Linguaggio limpido e sognante, in bilico tra utopia e malinconia, quello delle poesie di Hermann Hesse affascina e coinvolge il lettore perfino in traduzione. E incontriamo versi che riflettono un cammino etico e filosofico nei quali, se lo stile è elegante e raffinato, il linguaggio nitido, profonda e complessa emerge la ricerca di comprensione del mondo attraverso la riflessione, l'autocoscienza, l'elevazione spirituale e lo sguardo solidale. Nato Calw in Germania nel 1877 da un padre missionario pietista al quale la madre faceva da assistente, Herman ricevette un’educazione molto rigida che, nell'adolescenza, gli causò disagi psicologici non lievi finché, trasferitosi a Tubinga, dove divenne assistente libraio, trovò la libertà e, insieme, la sua strada di letterato e scrittore. Il pensiero orientale, in particolare la conoscenza e frequentazione dei pensatori indiani e cinesi, influenzò profondamente la sua opera, così come il pacifismo e la solidarietà nei confronti degli oppressi. Nel 1946 Hesse fu insignito del Premio Goethe e del Premio Nobel, riconoscimenti ai quali fece seguito nel 1955 il Premio della Pace. Negli anni Sessanta, poi, la sua critica all'economia capitalista, unita alla rivendicazione della pace universale, fece molta presa sui giovani contestatori americani ed europei che si opponevano alla guerra del Vietnam. E' curioso notare ciò che un passo di Hesse, presente in una lettera da lui indirizzata al dottor Jordan nel 1932, faceva notare a proposito delle sue opere in prosa, distinguendole da quelle in poesia:
"Di fronte a queste manifestazioni legate al momento e piuttosto occasionali (le prose giornalistiche, d'occasione ma non solo) stanno altre mie opere, soprattutto le mie poesie, in cui è lasciato gran posto alla tragica problematicità dell’essere umano, ma è anche espressa una fede […] fede non in un senso […] che si possa formulare dogmaticamente una volta per tutte, ma nella possibilità che ha ogni anima di afferrare per via di intuizione tale senso e di liberarsi e di elevarsi al suo servizio".
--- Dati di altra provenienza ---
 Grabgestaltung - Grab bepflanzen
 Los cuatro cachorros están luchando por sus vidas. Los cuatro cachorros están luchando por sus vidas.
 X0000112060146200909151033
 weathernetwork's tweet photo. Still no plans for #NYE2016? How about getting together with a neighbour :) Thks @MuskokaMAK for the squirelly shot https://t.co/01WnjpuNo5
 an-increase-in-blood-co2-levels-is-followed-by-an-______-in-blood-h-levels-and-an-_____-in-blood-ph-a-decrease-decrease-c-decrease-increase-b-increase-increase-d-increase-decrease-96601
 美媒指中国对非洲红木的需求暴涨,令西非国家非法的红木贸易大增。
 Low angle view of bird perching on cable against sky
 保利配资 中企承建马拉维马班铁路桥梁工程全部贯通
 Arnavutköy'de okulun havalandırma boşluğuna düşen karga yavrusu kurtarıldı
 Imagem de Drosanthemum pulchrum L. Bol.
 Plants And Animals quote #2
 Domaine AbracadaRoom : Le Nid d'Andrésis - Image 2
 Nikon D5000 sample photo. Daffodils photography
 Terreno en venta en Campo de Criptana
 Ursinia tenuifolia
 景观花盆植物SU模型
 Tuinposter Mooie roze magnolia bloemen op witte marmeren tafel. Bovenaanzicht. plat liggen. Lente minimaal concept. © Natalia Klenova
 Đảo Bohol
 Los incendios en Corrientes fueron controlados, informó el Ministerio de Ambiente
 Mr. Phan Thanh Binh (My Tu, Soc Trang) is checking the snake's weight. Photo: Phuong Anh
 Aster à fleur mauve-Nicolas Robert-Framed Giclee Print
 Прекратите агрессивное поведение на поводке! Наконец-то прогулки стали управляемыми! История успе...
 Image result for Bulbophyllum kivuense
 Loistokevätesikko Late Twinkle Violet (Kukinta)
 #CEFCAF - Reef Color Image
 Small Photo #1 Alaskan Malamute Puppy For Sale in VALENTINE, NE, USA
In questa raccolta di poesie, tradotte e introdotte da Ervino Pocar, acuto germanista e traduttore, e uscita a Milano per le edizioni de L'insegna del pesce d'oro nel 1965, possiamo leggere ventidue liriche di Hesse, con testo a fronte. Riportiamo qui quella che conclude il piccolo, prezioso, libro.
Gli ultimi versiIrto di schegge, un ramo scavezzato
da gran tempo già pende
(secco scricchiola al vento il suo canto)
senza foglie, scortecciato,
nudo, grigio e di troppo lunga vita,
di troppo lunga morte stanco. Canta
tenace, duro,
canta in segreto,
ostinato, inquieto,
per un'estate ancora,
per un inverno ancora.
Hermann Hesse, Poesie, traduzione di Ervino Pocar, All'insegna del pesce d'oro 1965.